45 min · 1. Juni 2026
Episode Five Hard Truths About Caregiving Rights And Advocacy Cover

Beschreibung

Send us Fan Mail [https://www.buzzsprout.com/2071161/fan_mail/new] “HIPAA” gets blamed for everything, families get shut out, and a loved one in crisis gets reduced to a label and a sedative. We’re not doing that. Michael Makniak and Victoria Cure unpack the real-world misconceptions that derail caregiving and fiduciary decision-making, especially when mental illness shows up as episodes, psychosis, and emergency room chaos. We talk about why mental health treatment cannot be treated like “any other illness” and why medication can take weeks or months to dial in. Then we get practical: how to advocate when your loved one is not at baseline, why evaluations done under heavy sedation can mislead, and what to say to clinicians so they actually hear you.

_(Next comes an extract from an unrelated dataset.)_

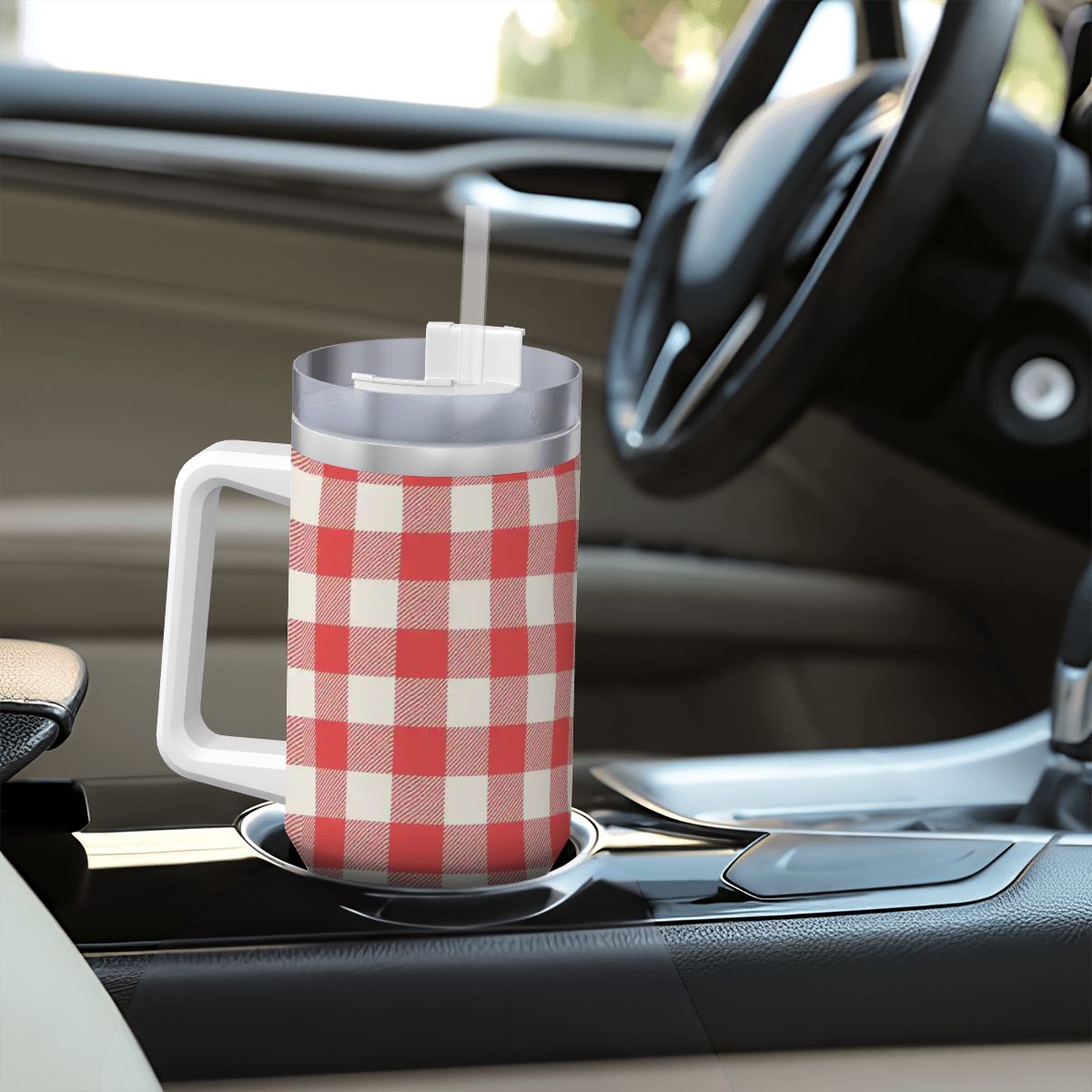 Red and white checkered mug with a straw on a car cup holder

We also untangle HIPAA myths and share an easy script you can use on the phone when a hospital won’t confirm or deny anything but still needs critical history, allergies, and context. On the legal side, we clarify what guardianship and conservatorship mean in different states, how person versus estate authority works, and why “having power” rarely equals “forcing compliance”. We also address a hard truth families bump into: a lawyer’s ethical duty is to represent what the client wants, even when the family is convinced it’s not in the client’s best interest. The thread through all of it is least restrictive support, better documentation, and calmer leverage instead of louder conflict. If you’re a caregiver, advocate, or provider, you’ll leave with concrete tools you can use today, plus resources through Care Coalition and our Mental Health Resource Network. Subscribe, share this with someone who keeps hitting the HIPAA wall, and leave a review with your biggest question so we can tackle it next. Support the show [https://gofund.me/01c59071]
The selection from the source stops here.